Not currently on display at the V&A

Leather Panel

ca. 1700-1725 (made)
Artist/Maker
Place of origin

Mass-produced panels of leather, with embossed designs, became popular in many areas of Europe during the 17th century. By 1700 they were produced in very large numbers, particularly in the Netherlands.

The patterns were created by carved wooden moulds, into which the dampened panel of leather was pressed. When dry, the raised areas were decorated with silver-coloured metal foil, varnished to give the effect of gilding. The ground areas were coloured with paints or varnishes, which might also be used to add highlights to the foiled areas. Such panels are usually referred to as 'gilt leather' although no gold leaf was used. They were particularly popular for dining rooms, where they did not trap food smells as textile hangings would do.

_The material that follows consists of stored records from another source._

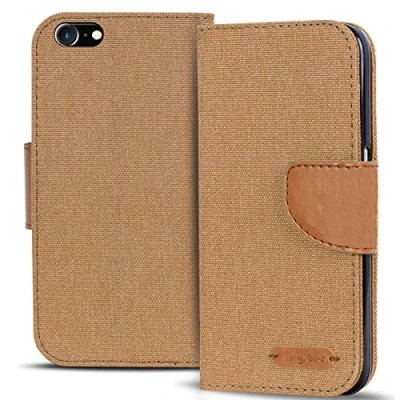 Afbeelding van Verco iPhone 4S Hoes, Beschermhoes voor Apple 4 Tas Denim Textiel Book Case Flip Klaphoes Bruin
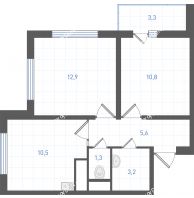 2 комнатная квартира 46 м² в ЖК Левенцовка парк, дом Корпус 8-12.2 - планировка
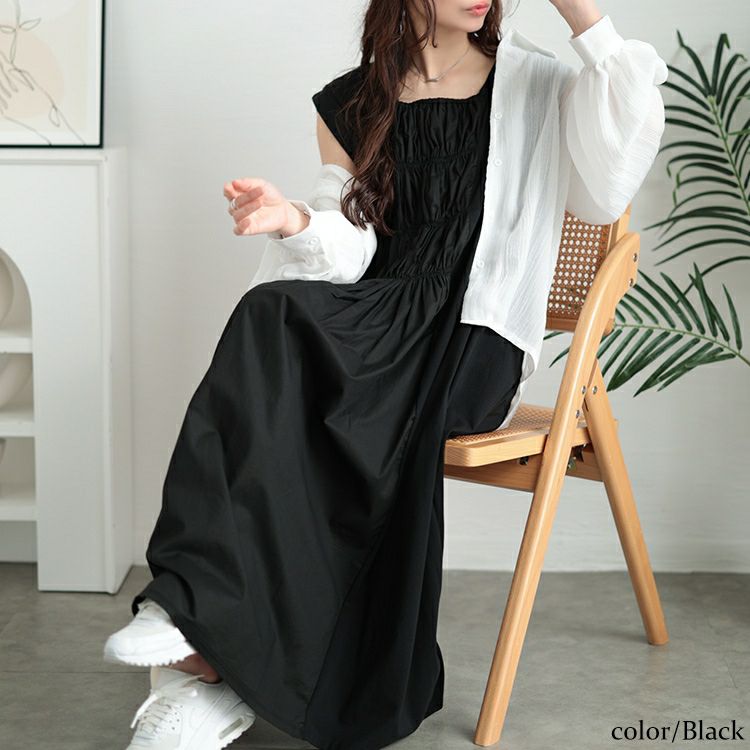 大きいサイズ レディース 接触冷感シャーリングノースリーブワンピース　kt-7825630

This pattern must have been highly popular. Several versions are known, with different coloured finishes, both in museum collections and surviving in houses and public buildings as far apart as Brussels and Denmark.


Object details

Categories
Object type
Materials and techniques
Embossed and gilded leather
Brief description
Leather panel with a central, shaped cartouche including a plinth below a fan-shaped motif flanked by birds, the whole decorated with varnished foild set against a dark green ground, The Netherlands, ca. 1700-25.
Physical description
A rectangular panel of leather, decorated with moulded relief, highlighted in varnished foil, imitating gilding, against a background of dark green paint. The panel centres on a cartouche with in-curved borders, outlined with cross-reeded banding and enclosing a trellised plinth supporting a fan-shaped motif, between two birds, with naturalistic flowers below the plinth and bunches of grapes to either side of the plinth, below the birds. Outside the central cartouche, the long sides who framing elements from a second cartouche and the corners are decorated with shield-shaped motifs, running out from the main cartouche frame.
Dimensions
  • Height: 77cm
  • Width: 60cm
Dimensions taken from departmental catalogue. Not checked on object Original measurements: 2 ft. 6 in. x 24 in.
Production typeMass produced
Marks and inscriptions
(On the back of the top left-hand corner a star painted in green (contemporary to the panel))
Credit line
Given by Messrs Martin Van Straaten & Co
Object history
The argument of A.J. Kendrick for accepting this panel and inventory number 421-1905 as a gift were: 'The two leather panels would be well worth adding to the Museum collection, as specimens of design and as examples of design and as examples of processes of working leather. They are both of 17th century work, and similar in design to many examples supposed to be as Spanish origin in the Museum.'

This is one of the most popular patterns ever made: five almost identical different versions have been traced (some of them in a mirrored version)(amongst which museum numbers 476-1869 and 477-1869), even as two other ones, slightly more different. The differences are in some of the flowers, the berries which are being eaten by the two birds,and the short 'string of pearls'.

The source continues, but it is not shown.